Within ten minutes of meeting her I was singing again. She was a jolt of joy and a living delight. Apart from anything else, she did massage. It was Heaven. My body wasn’t exactly being pampered, but it was being worked on in a respectful way. It was being talked to, not punished or even lectured for its failure to coöperate. Miss Schmidt started me on a whole series of love affairs. One of them was with massage, and another was with the language she spoke. She would chatter in German while she kneaded subtly away. It sounded lovely, and I couldn’t take my eyes off her. She said, ‘ Machst du mir Kuh Augen? ’ ‘What does that mean?’ I asked. She wouldn’t translate what she had said until I had repeated it back to her and got it by heart, and then she told me it meant, ‘Are you making at me cows’ eyes?’ Then I understood, although I told her that in English we said sheep’s eyes.
In German the look of love seems to be bovine rather than ovine. Neither image flatters the love-struck. Of course I was making cows’ eyes, sheep’s eyes, at her — take your pick. I looked at her the same way Sister Heel looked at the budgie who made life worth living, ray of feathered sunshine. If I had been Charlie I would have been displaying the posture I had taught Heel to recognise: head plumage standing up, side plumage fanned out. Eyes closed to slits. Happiness in full feather.

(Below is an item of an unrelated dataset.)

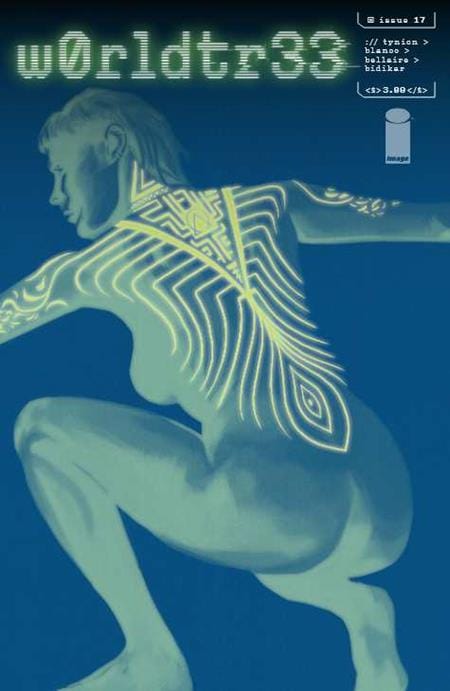 Image Comics Comic Books > Incentives W0RLDTR33 #17 CVR C INC 1:25 NATHAN FOX VAR (MR) 70985303729301731 1025IM0450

I had so many reasons to be thrilled and goggling. Because Miss Schmidt had a lovely clear complexion, because her hands knew how to talk to my body in a way that wasn’t any sort of scolding, because she was German and even so she wasn’t holding my head beneath the surface of the hydrotherapy pool.

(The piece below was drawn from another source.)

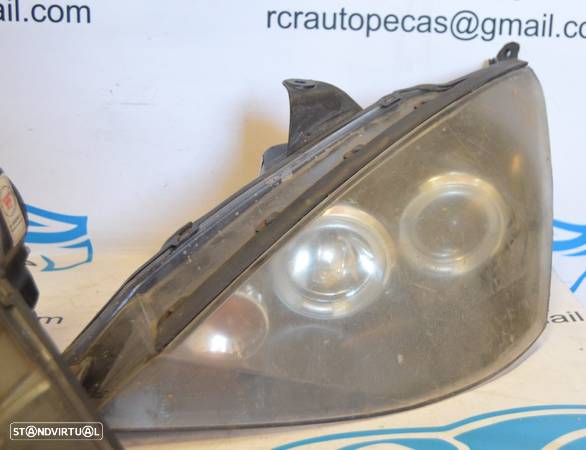 OTICA OTICAS XENON ANGEL EYES BLACK FORD FOCUS I 1 MK1 DAW DBW OPTICA OPTICAS FAROL FAROIS ORIGINAIS - 5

I got up the nerve to ask her what her first name was. It was Gisela. She let me call her that. Adults letting children call them by their first names wasn’t common in those days anywhere. In hospitals it was as rare as undercooked vegetables.
On our second or third session, Gisela starting reciting something with a soothing, tantalising sound and rhythm. I asked her what it was. It is a poem. A nursery rhyme. And I said: ‘Teach me please!’ What I meant was for her to tell me what the poem meant, but again she did something much better. First she taught me the poem as pure sound. My favourite part sounded like ‘Gink a line’. Only later did she supply the meaning, and by then the German words had put down little radicles of their own. They had begun to be rooted. Once again it turned out that medical staff had lessons of their own to teach.
The poem went:
Hänschen klein
Ging allein
In die weite Welt hinein:
Stock und Hut
Steht ihm gut,
Ist ja wohlgemut.
Aber Mutter weinet sehr,
Hat ja nun kein Hänschen mehr,
Da besinnt Sich das Kind
Läuft nach Haus geschwind.
The meaning, when she told me, was something like:
Little Hans
Went alone
Into the wide world beyond:
Stick and hat,
He’s very pleased with himself.
But Mother is crying bitterly,
She hasn’t got little Hans any more.
The little boy thinks again
And runs very quickly back home.
She couldn’t have chosen a more illuminating text. I liked the image of Little Hans with his stick. I had a stick of my own, not to walk with but to point to things or nudge them towards me. Also to scratch my head where I couldn’t reach.